Pubblicato il 16 apr 2025

Stefano Epifani

Presidente della Fondazione per la Sostenibilità Digitale Autore del libro “Sostenibilità Digitale: perché la tecnologia non può fare a meno della trasformazione digitale”



Corporate Sustainability Due Diligence Directive (CS3D): le sfide della sostenibilità di filiera

La sostenibilità, nella sua accezione moderna, è un concetto che nasce da un’esigenza: quella di ripensare radicalmente i modelli di sviluppo, produzione e convivenza umana su scala globale. Tale esigenza, come noto, si affaccia con chiarezza a partire dalla seconda metà del Novecento e prende forma, nella sua declinazione sistemica, con la pubblicazione del Rapporto Brundtland, nel 1987.

Il documento, redatto dalla Commissione mondiale su ambiente e sviluppo delle Nazioni Unite, definisce lo sviluppo sostenibile come «lo sviluppo che soddisfa i bisogni del presente senza compromettere la possibilità delle future generazioni di soddisfare i propri».

Questa definizione, ormai canonica, pur essendo apparentemente semplice, racchiude implicazioni complesse che hanno richiesto decenni di elaborazione per essere comprese e strutturate in politiche pubbliche, modelli economici e approcci culturali coerenti. Il passaggio concettuale più significativo introdotto dal rapporto consiste nell’evidenziare l’interconnessione tra tre dimensioni fondamentali: ambientale, economica e sociale. Un modello che, per essere applicato, necessita di una visione sistemica dei problemi e della loro risoluzione.

L’emergere della sostenibilità sistemica

Negli anni successivi al 1987, il concetto di sostenibilità ha subito un processo di progressiva articolazione, culminato – sul piano della policy internazionale – con la Conferenza di Rio de Janeiro del 1992, da cui emerse Agenda 21: un piano d’azione sottoscritto da 178 governi per promuovere lo sviluppo sostenibile. Agenda 21 rappresentò un momento di svolta: non più solo dichiarazioni d’intenti, ma l’adozione di un approccio che prevedeva strumenti di intervento, responsabilità condivise e una visione di lungo periodo.

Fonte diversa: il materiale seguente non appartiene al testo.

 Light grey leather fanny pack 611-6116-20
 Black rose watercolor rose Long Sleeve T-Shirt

Tuttavia, l’implementazione delle azioni previste da Agenda 21 ha evidenziato limiti significativi. Le politiche nazionali, più spesso di quanto auspicabile, sono rimaste vincolate alla contingenza politica interna, incapaci di sviluppare una prospettiva realmente integrata e coordinata. L’assenza di un sistema di controllo efficace, unita alla carenza di accountability multilivello, ha reso difficile la concretizzazione di obiettivi ambiziosi, specialmente su scala globale.

In parallelo, sono emersi esperimenti locali – sebbene spesso non sistematizzati – capaci di tradurre in pratica i principi della sostenibilità. Tali esempi hanno dimostrato che una visione sistemica, se adeguatamente adattata ai contesti locali, può generare risultati rilevanti in termini di rigenerazione economica, inclusione sociale e tutela ambientale.

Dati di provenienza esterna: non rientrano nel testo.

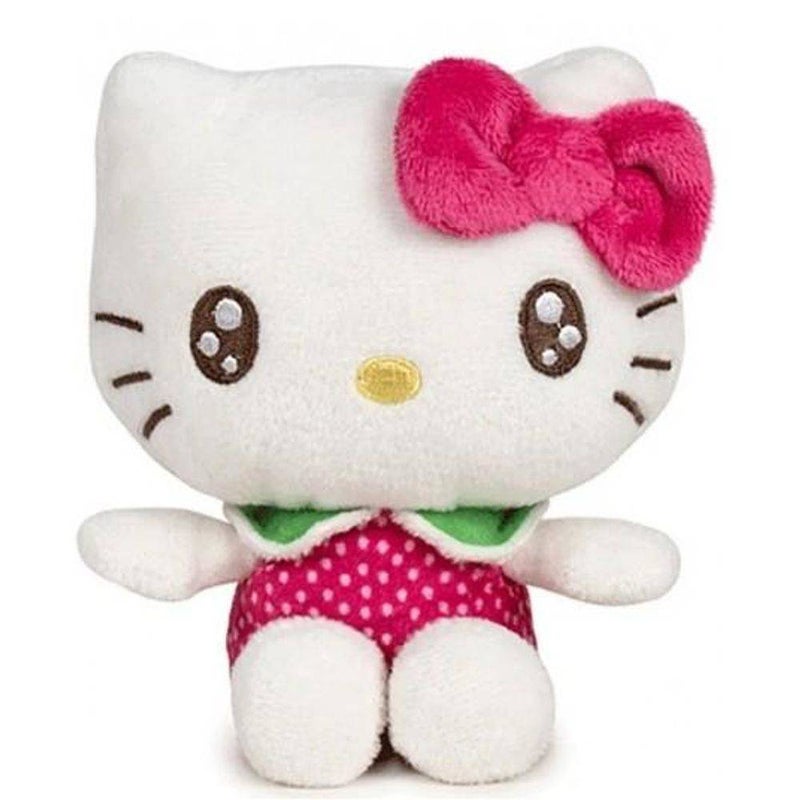 Sanrio Hello Kitty and Friends Macedonia Strawberry Scented Hello Kitty Small Plush Toy (12 cm, Pink/White/Green)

Millennium Development Goals: primi segnali di concretizzazione

L’anno 2000 segna un ulteriore passaggio con l’introduzione degli Obiettivi di Sviluppo del Millennio (MDG), otto macro-obiettivi adottati durante il Vertice del Millennio delle Nazioni Unite. Gli MDG si sono distinti per un approccio più concreto e focalizzato rispetto ad Agenda 21, definendo target misurabili e scadenze temporali specifiche. In particolare, si è registrato un progresso misurabile nella riduzione della povertà estrema e nell’accesso all’istruzione primaria, nonché in alcuni indicatori relativi alla salute pubblica.

Tuttavia, durante la conferenza di Oslo del 2015, gli stessi promotori degli MDG hanno riconosciuto la distanza significativa tra i risultati raggiunti e gli obiettivi iniziali, soprattutto per quanto riguarda le questioni ambientali e climatiche. Questa parziale delusione ha portato alla consapevolezza che, per affrontare efficacemente le sfide della sostenibilità, fosse necessario adottare un impianto concettuale e operativo ancora più strutturato, in grado di agire simultaneamente su scala globale e locale, garantendo coerenza e adattabilità.

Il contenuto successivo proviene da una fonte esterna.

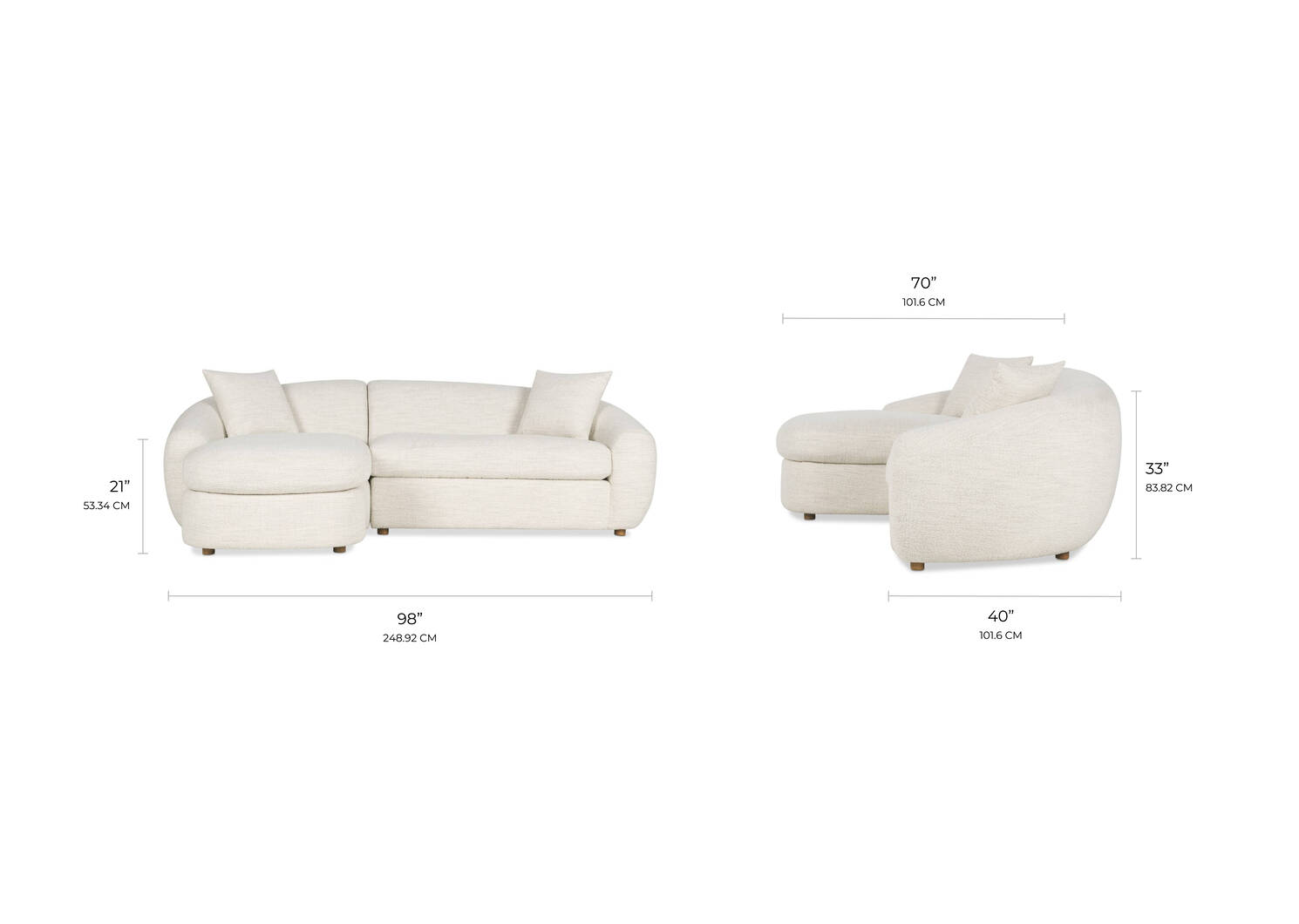 Ellison Sofa Chaise -Luly Ivory, LCF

Agenda 2030: verso una governance integrata della sostenibilità

È in questo contesto che nasce Agenda 2030, approvata dall’Assemblea Generale delle Nazioni Unite nel settembre 2015. Il documento, frutto di tre anni di negoziazioni, definisce un nuovo paradigma per lo sviluppo sostenibile. I 17 Sustainable Development Goals (SDG), articolati in 169 target specifici, costituiscono un impianto normativo e programmatico che si distingue per alcuni elementi fondamentali:

  • Interconnessione sistemica: gli SDG non sono concepiti come obiettivi isolati, ma come componenti di un sistema integrato. La riduzione della povertà (SDG 1) è collegata alla sicurezza alimentare (SDG 2), all’accesso all’istruzione (SDG 4), all’uguaglianza di genere (SDG 5) e alla protezione dell’ambiente (SDG 13, 14, 15).
  • Applicabilità multilivello: gli obiettivi sono formulati per essere declinabili tanto a livello globale quanto locale, prevedendo margini di adattamento alle specificità socio-economiche, ambientali e culturali dei diversi contesti.
  • Misurabilità e accountability: a differenza dei framework precedenti, Agenda 2030 prevede indicatori quantitativi e qualitativi per ogni target, rendendo possibile un monitoraggio rigoroso dei progressi. Il sistema di indicatori è stato sviluppato dalla United Nations Statistical Commission in collaborazione con enti nazionali e internazionali.
  • Governance inclusiva e partecipativa: l’implementazione di Agenda 2030 implica il coinvolgimento di una molteplicità di attori: Stati, enti locali, imprese, società civile e cittadini. Il concetto di “ownership” è centrale: ciascun attore è chiamato a contribuire secondo le proprie competenze e risorse.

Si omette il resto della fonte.